Let’s take a moment to talk about the guy who brought the meanest, rustiest, and downright coolest rat rod in town to life—a beast everyone around here just calls “Tetnus.” If you’ve seen it rumbling down Main Street, you know it’s not just a car; it’s a statement. Jagged edges, a patina that tells a thousand stories, and an engine growl that could wake the dead—it’s the kind of ride that stops you in your tracks. But behind the grit and grease, there’s a story that hits you right in the chest, and the creator of Tetanus was kind enough to share it with me at a small car show in Shadow Lake shopping center (Papillion, NE).
Building this rat rod wasn’t just some hobby to kill time. “Tetnus” was for his dad, who passed before the project was more than just an idea. “Dad was a car guy through and through,” He told me, leaning against the hood with a far-off look in his eyes. The build started slow. There were setbacks. A busted transmission that set him back six months. A fire in the garage that nearly torched the whole project. But Jimmy kept going. “Quitting wasn’t an option,” he said. “This was his. Had to finish it.”
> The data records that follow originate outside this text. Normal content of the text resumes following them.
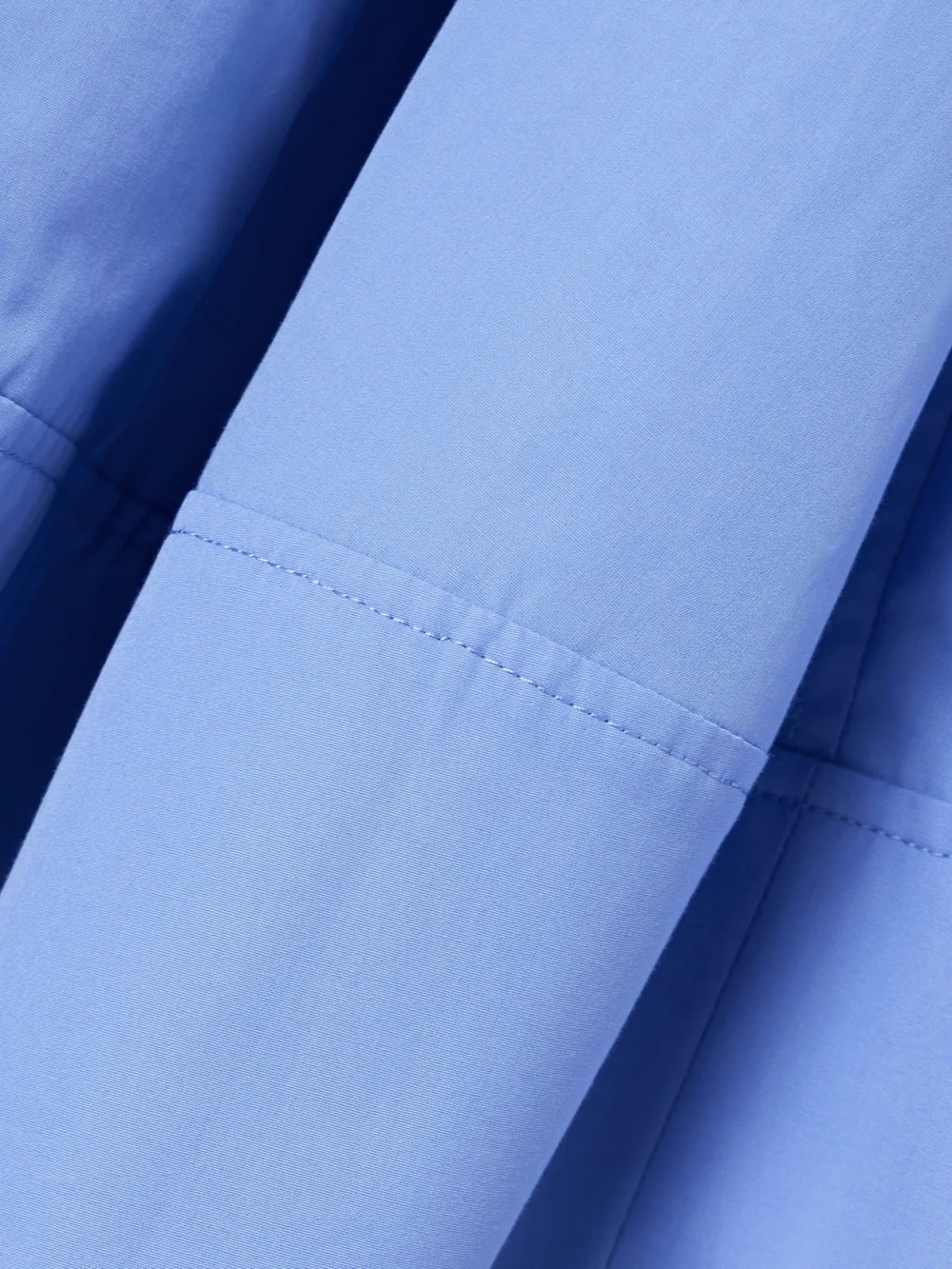 Close-up detail of the Co Bubble Paneled Cotton-poplin Midi Skirt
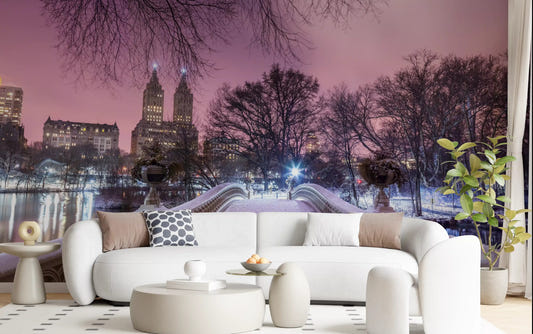 ow Bridge wall mural showing snowy Central Park at winter dusk under a pink sky in living room.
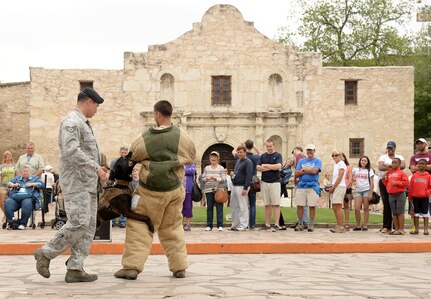 Air Force Military Working Dogs and their handlers demonstrate the unique capabilities and vital mission of military working dogs April 21 during the San Antonio Fiesta 2014’s Air Force Day at the Alamo. (U.S. Air Force photo by Ben Faske)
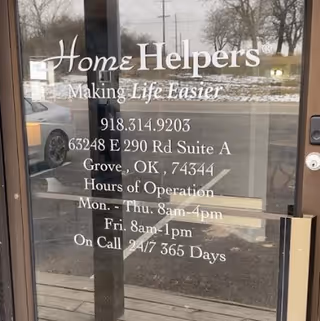 Front glass door of Home Helpers storefront, displaying slogan and contact information.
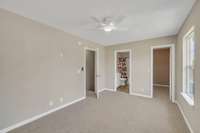 The primary suite has new carpet and new finishes in the bathroom.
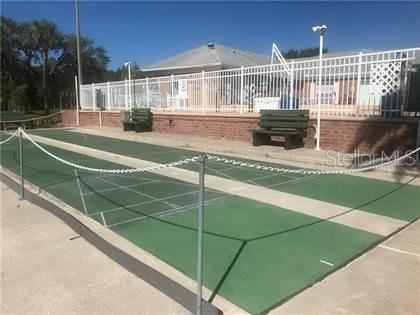 A shuffleboard court sits in front of a fenced pool area with outdoor benches — 3440 41ST AVE SOUTH UNIT 187, ST PETERSBURG, FL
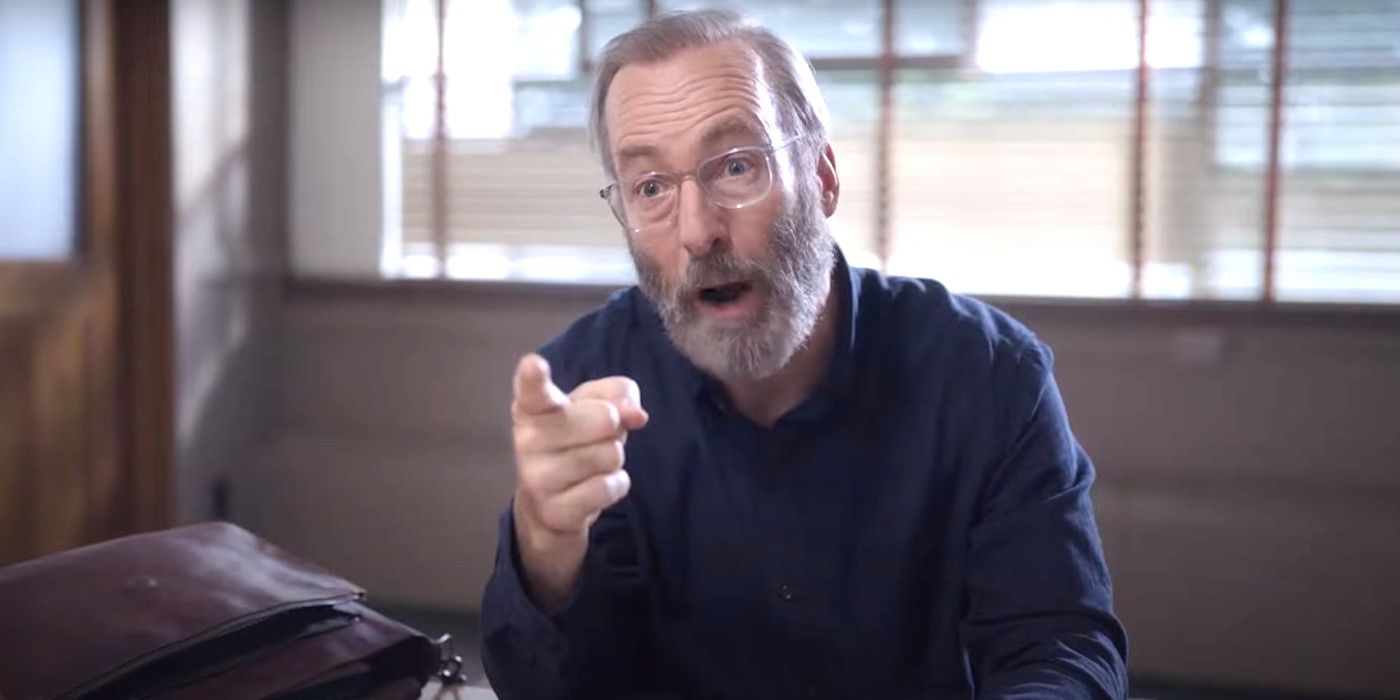 Bob Odenkirk, barbudo y con gafas en Lucky Hank, hace un gesto enojado a alguien durante un encuentro.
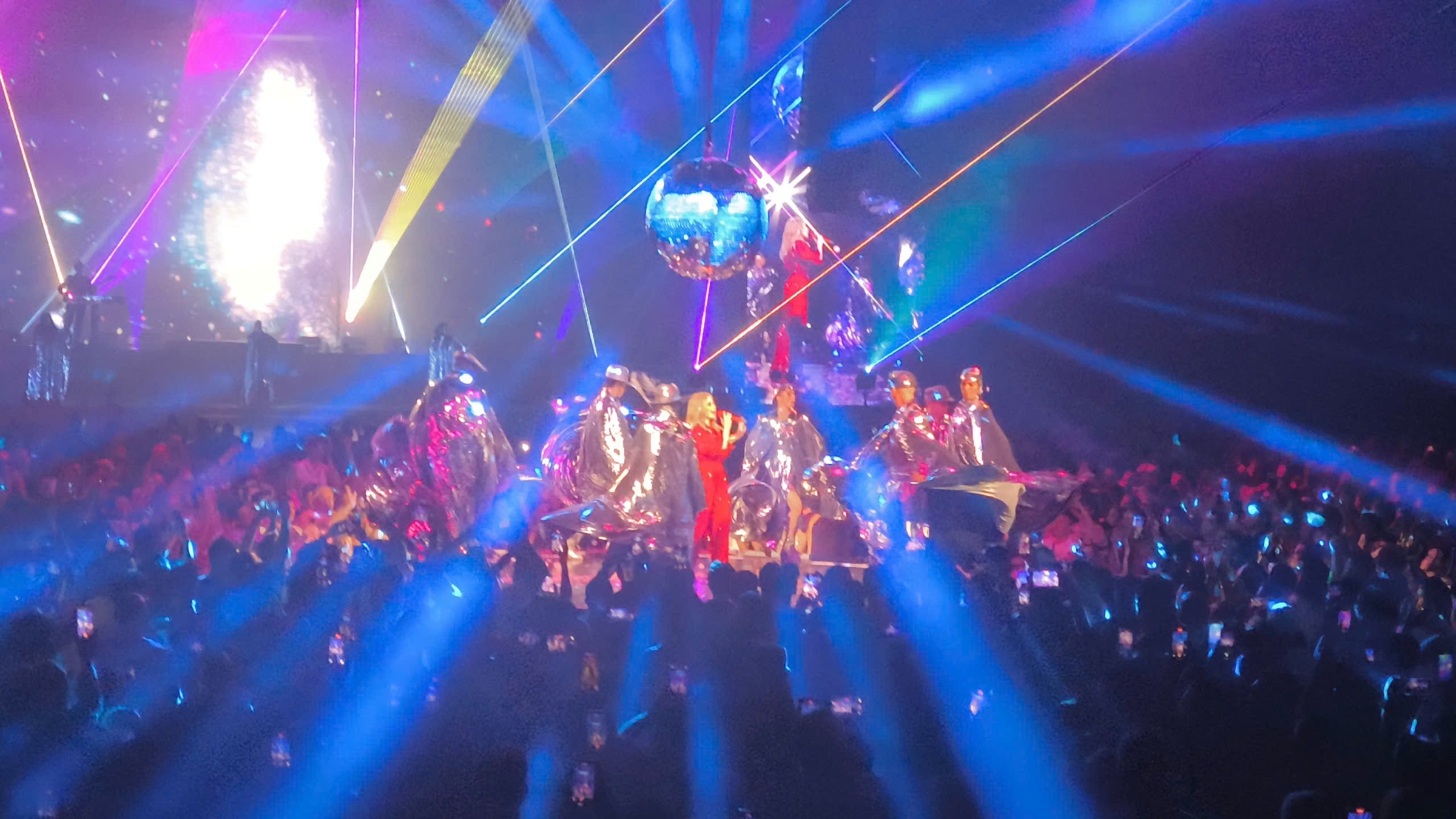 Kylie Minogue optræder på en stor livescene med dansere, scenelys og publikum.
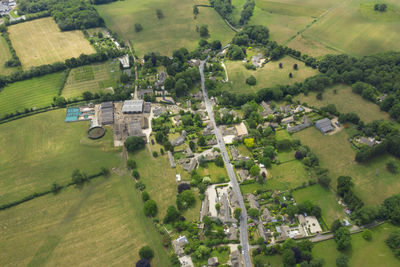 High angle view of agricultural field and buildings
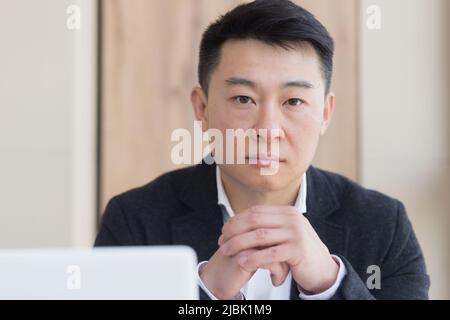 Nahaufnahme Porträt Asian nachdenklichen jungen Büroangestellter Mann am Arbeitsplatz. Stellen Sie sich einem ernsten männlichen Geschäftsführer in formellen Anzug denken über die Lösung eines Profis Stockfoto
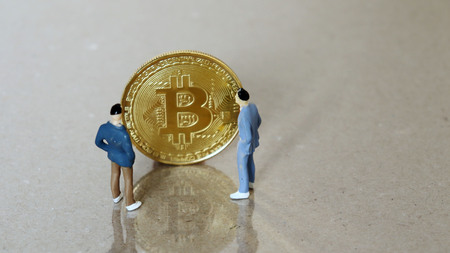 Two miniature men standing in front of a Bitcoin.の写真素材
Seeing “Tetnus” in person, you get it. It’s not pretty in the conventional sense—rust streaks down the fenders like war paint, and the seats are solid metal. It’s got character that a pristine muscle car could only dream of. Jimmy drives it everywhere now, and when folks ask about it, he just says, “It’s my old man’s ride. I’m just the one holding the wheel.”

Sitting there listening to Jimmy, I couldn’t help but think about my own dad. Cars aren’t just machines, are they? They’re time capsules, bridges between generations, rolling monuments to the people who shape us. My love for cars comes straight from my father—he’s the one who’d make me watch card & driver, or spend hours at his warehouse garage, teaching me how to gap a spark plug just right. Every rev of an engine, every whiff of gasoline, it’s him. And I know I’m not alone in that.

There’s something sacred about that, something that gets lost in a world obsessed with new and shiny. Cars like “Tetnus” aren’t just metal and rubber—they’re heirlooms, forged in garages and backyards, handed down not through wills but through stories and sweat. They’re the roar of a V8 that says, “We were here.” They’re the dents and dings that whisper, “We mattered.” They carry our fathers, our grandfathers, hell, maybe even us one day, down roads we’ll never see. And damn it, that’s beautiful. That’s why I’ll never stop chasing that next exhaust note, that next turn of the key—because it’s not just about the car.